Social Work Bldg room 903, at 4pm on Mon 18 Sep 2023:
Evaluating Visualizations for Inference and Decision-Making
Research and development in computer science and statistics have produced increasingly sophisticated software interfaces for interactive visual data analysis. Data visualizations have also become ubiquitous for communication in the news and scientific publishing. Despite these successes, our understanding of how to design effective visualizations for data-driven decision-making remains limited. Design philosophies that emphasize data exploration and hypothesis generation can encourage pattern-finding at the expense of quantifying uncertainty. Designing visualizations to maximize perceptual accuracy and self-reported satisfaction can lead people to adopt visualizations that promote overconfident interpretations. I will motivate a few alternative objectives for measuring the effectiveness of visualization, and show how a rational agent framework based in statistical decision theory can help us understand the value of a visualization in the abstract and in light of empirical study results.
This is a super-important topic, also interesting because in many cases people think evaluation is a big deal without thinking too hard about what are the goals of the graph.
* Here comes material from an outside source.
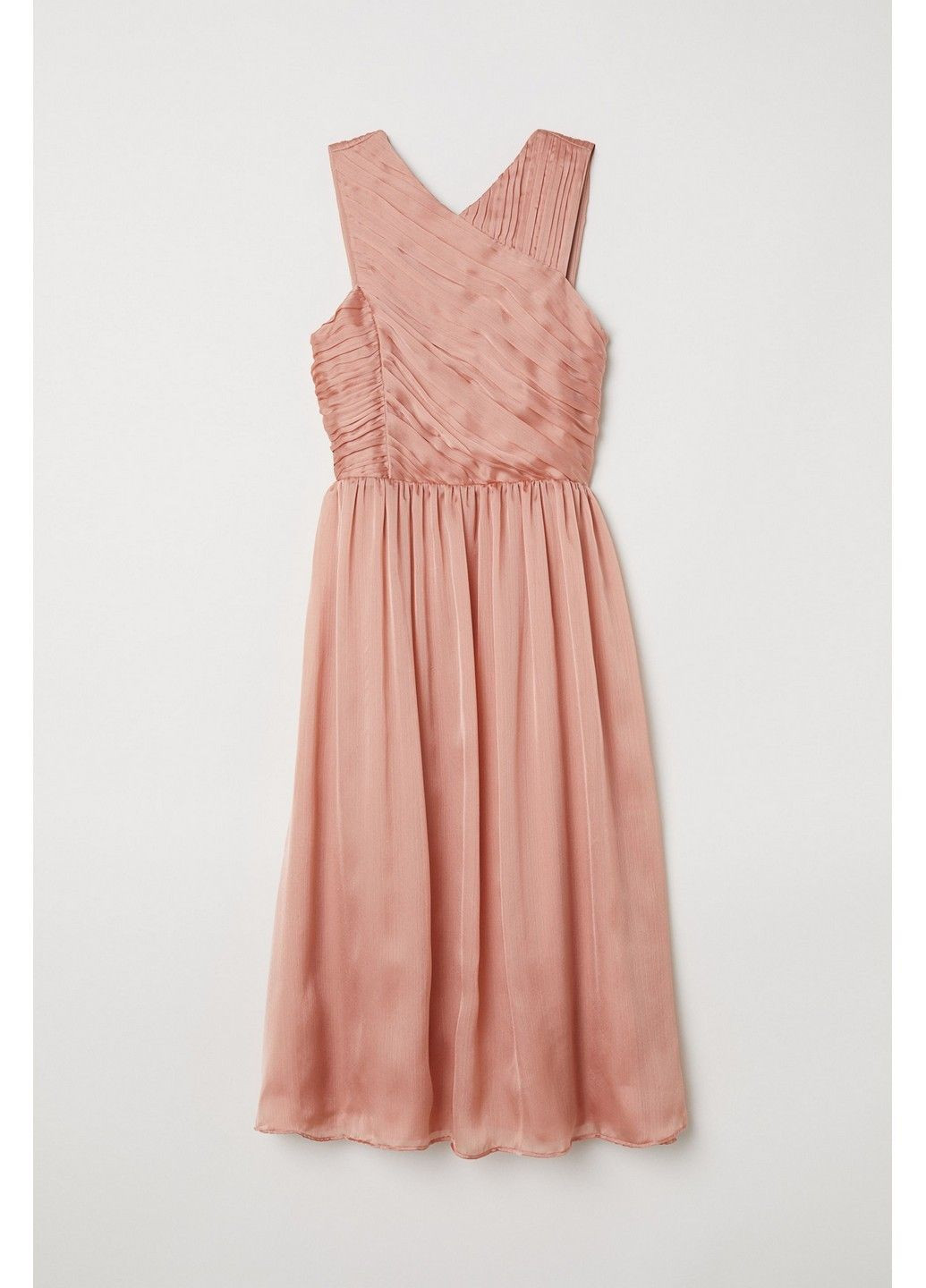 Персикова вечірня сукня H&M однотонна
It’s hard to design a good evaluation without having some goals in mind. For example, see this discussion from a few years ago of a study that was described as finding that “chartjunk is more useful than plain graphs” and this paper with Antony Unwin on different goals of infoviz and statistical and graphics.
Another thing I like about the above abstract from Jessica is how she’s talking about two different goals of statistical graphics: (1) clarifying a point that you want to convey, and (2) providing opportunity for discovery. Both are important!
Thanks for posting! I’m looking forward to this.
Probably off-topic for this thread, but data visualization? acollierastro is on it!